Jamis racer to start fourth major MTB stage race of the year
Blake Harlan is in Costa Rica to race his first-ever La Ruta de los Conquistadores. The Team Jamis racer is wrapping up a full season of racing, including three other mountain bike stage races. He'll start La Ruta on Wednesday morning with over 200 other competitors.
"I've heard so many stories about this race," said the 23-year-old Harlan to Cyclingnews. "I'll try to race hard and come out of each day with a good story."
Harlan had thought he would race the Brasil Ride mountain bike stage race ongoing presently, but after visa problems, the American changed his plans to come to Costa Rica instead for what is his first visit to the Central American nation.
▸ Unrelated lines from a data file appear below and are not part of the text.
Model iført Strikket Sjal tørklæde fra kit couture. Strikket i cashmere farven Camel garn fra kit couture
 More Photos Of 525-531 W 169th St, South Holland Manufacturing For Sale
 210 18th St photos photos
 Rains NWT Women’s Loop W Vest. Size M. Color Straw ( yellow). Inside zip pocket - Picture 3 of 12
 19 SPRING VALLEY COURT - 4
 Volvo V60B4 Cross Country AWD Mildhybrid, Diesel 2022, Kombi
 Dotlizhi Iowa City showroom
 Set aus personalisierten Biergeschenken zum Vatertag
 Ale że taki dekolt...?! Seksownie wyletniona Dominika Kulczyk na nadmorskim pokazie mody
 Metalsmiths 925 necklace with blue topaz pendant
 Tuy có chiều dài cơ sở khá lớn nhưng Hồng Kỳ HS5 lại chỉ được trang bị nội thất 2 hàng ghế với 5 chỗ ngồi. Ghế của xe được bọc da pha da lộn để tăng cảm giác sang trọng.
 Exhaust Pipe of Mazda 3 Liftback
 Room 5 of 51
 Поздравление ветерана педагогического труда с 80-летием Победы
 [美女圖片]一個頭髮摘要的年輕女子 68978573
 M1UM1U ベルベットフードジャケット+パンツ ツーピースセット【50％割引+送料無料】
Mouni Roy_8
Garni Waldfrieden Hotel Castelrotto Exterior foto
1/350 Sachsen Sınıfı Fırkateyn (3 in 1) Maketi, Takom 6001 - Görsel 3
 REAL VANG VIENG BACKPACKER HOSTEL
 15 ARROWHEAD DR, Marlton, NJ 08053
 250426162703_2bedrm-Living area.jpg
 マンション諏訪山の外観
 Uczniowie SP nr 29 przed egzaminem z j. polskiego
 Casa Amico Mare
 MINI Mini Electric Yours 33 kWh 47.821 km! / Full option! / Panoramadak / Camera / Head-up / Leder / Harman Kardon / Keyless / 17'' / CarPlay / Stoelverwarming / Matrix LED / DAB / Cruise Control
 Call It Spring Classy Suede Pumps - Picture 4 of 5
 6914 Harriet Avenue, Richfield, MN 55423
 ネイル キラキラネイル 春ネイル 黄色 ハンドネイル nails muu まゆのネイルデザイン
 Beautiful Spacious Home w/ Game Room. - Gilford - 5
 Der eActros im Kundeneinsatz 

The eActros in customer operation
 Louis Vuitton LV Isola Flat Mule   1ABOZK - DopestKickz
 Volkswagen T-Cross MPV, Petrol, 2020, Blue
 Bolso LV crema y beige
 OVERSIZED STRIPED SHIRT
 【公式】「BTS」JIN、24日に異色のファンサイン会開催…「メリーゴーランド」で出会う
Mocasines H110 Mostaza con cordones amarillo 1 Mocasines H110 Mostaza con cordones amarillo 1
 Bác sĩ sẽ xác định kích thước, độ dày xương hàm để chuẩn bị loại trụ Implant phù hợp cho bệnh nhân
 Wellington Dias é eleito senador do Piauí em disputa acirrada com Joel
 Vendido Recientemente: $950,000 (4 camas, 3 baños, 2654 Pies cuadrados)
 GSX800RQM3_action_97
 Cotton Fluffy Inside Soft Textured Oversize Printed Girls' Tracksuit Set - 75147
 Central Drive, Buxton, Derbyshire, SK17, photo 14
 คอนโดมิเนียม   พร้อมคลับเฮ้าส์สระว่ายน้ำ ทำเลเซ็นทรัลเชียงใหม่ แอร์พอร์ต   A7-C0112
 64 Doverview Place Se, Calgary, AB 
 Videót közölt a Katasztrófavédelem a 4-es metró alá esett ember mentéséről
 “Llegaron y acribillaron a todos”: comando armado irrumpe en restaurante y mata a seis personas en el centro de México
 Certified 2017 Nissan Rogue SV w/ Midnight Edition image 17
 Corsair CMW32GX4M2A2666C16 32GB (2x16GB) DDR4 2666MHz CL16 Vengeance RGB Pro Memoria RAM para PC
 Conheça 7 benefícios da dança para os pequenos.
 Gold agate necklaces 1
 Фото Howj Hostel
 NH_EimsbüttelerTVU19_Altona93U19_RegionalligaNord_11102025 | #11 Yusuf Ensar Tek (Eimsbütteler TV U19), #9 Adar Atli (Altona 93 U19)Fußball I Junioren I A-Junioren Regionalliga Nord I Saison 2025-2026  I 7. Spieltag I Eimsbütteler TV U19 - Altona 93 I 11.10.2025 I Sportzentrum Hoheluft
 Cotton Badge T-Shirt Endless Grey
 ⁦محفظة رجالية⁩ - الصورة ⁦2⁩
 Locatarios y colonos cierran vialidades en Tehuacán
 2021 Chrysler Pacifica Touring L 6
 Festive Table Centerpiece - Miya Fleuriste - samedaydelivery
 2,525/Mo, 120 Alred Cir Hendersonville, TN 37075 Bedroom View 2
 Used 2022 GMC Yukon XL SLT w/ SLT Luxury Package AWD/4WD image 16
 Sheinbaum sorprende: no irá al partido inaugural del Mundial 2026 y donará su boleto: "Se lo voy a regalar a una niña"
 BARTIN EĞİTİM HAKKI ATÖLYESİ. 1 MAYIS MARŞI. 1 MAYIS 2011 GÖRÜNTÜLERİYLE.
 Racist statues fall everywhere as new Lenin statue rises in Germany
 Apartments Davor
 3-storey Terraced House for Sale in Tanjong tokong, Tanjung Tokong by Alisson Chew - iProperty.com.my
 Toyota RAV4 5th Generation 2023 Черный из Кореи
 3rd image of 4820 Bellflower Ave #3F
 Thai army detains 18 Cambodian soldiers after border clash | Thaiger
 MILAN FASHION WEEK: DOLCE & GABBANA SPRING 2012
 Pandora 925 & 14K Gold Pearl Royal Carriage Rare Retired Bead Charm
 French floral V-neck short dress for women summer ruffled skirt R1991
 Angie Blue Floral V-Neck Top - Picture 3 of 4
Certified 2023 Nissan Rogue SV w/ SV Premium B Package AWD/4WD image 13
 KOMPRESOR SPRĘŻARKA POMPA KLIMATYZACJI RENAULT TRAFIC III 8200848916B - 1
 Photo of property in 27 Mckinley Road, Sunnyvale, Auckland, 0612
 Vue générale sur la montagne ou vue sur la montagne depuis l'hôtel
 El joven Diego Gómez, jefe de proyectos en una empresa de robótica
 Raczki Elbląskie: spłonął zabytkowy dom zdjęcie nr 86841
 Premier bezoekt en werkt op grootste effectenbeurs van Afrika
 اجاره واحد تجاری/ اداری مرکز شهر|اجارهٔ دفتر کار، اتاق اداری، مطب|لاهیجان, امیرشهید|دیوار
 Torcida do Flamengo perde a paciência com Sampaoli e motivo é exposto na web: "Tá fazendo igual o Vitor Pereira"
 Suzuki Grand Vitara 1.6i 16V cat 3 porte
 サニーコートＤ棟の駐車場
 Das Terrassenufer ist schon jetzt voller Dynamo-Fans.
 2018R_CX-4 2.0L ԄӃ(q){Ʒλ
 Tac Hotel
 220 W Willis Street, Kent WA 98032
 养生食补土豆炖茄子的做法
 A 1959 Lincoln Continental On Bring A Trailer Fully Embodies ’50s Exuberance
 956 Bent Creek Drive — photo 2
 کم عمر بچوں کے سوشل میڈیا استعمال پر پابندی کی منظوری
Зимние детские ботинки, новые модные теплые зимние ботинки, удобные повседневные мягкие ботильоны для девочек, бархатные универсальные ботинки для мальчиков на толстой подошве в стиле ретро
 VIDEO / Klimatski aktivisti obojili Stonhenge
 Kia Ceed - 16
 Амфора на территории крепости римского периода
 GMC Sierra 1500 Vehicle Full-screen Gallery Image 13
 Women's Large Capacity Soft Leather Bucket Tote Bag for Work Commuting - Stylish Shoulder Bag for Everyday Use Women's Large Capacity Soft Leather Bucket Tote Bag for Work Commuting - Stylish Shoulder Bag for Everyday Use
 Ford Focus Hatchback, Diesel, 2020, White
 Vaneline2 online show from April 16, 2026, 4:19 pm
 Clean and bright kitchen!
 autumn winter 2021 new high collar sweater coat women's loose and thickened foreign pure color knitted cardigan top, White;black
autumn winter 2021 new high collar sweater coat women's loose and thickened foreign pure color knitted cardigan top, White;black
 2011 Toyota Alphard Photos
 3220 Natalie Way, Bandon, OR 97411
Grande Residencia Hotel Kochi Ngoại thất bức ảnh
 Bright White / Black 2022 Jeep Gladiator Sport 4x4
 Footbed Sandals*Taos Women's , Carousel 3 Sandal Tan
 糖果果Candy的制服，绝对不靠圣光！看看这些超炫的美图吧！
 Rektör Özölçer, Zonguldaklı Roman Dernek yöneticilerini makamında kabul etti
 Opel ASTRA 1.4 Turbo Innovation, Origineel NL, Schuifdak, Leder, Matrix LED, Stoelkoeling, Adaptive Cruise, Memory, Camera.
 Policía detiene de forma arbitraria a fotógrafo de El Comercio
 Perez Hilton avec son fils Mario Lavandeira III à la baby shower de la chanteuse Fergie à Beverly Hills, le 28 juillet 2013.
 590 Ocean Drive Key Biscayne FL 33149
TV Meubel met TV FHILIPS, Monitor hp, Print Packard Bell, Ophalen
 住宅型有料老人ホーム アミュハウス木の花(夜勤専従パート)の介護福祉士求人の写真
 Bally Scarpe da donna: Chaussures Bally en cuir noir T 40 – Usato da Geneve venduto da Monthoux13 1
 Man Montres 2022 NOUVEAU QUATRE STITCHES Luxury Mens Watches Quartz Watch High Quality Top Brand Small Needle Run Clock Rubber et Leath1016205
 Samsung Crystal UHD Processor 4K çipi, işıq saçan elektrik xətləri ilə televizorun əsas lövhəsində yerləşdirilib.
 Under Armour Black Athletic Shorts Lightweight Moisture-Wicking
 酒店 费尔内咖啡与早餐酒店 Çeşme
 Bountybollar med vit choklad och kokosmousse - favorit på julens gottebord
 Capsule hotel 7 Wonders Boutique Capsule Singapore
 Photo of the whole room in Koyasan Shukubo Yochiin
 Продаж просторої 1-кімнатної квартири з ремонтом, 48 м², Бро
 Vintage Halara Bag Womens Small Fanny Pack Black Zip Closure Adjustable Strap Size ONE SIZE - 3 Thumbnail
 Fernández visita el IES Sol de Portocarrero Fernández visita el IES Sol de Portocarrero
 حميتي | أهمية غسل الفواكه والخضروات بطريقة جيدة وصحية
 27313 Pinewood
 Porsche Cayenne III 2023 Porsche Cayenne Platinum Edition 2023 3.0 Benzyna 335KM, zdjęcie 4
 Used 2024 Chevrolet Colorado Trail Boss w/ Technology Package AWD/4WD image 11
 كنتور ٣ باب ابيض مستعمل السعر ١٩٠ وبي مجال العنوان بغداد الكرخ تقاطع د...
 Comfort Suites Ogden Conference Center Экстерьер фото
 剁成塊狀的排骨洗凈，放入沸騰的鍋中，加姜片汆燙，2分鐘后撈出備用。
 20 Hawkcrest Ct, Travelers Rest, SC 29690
"I've been to Mexico, Belize and Honduras, but I've never been this far south," he said.
Harlan, who is relatively young compared to most mountain bike stage racers, also raced the Trans-Sylvania Epic, the Breck Epic and the BC Bike Race this year.
"I got my pro upgrade, and I was unmotivated to go to the Pro XCTs and get waxed every day," said Harlan of the motives behind his focus on stage racing. "You get a lot more out of these races, too. If you have a bad day, you still have a couple of more days to go. I've learned so much doing stage racing."
In fact, the young rider is still learning the ropes of racing day after day off road and is determined not to repeat previous errors. "I made the same mistake in each of the three stage races this year. I always do something stupid the first day and then pay for it."
He also gave some insight into his La Ruta race strategy which is something along the lines of when in Costa Rica do as the Costa Ricans. Local knowledge of the extremely rugged and usually muddy and steep terrain plays a major role in La Ruta, and among the men, a Costa Rican typically wins.
"I'm hoping to follow a bunch of Costa Ricans," he said. "If they get off their bikes for whatever reason, I'll get off my bike. If they get off the railroad tracks, I will, too. If they duck into the trees, maybe I'll go duck into the trees with them."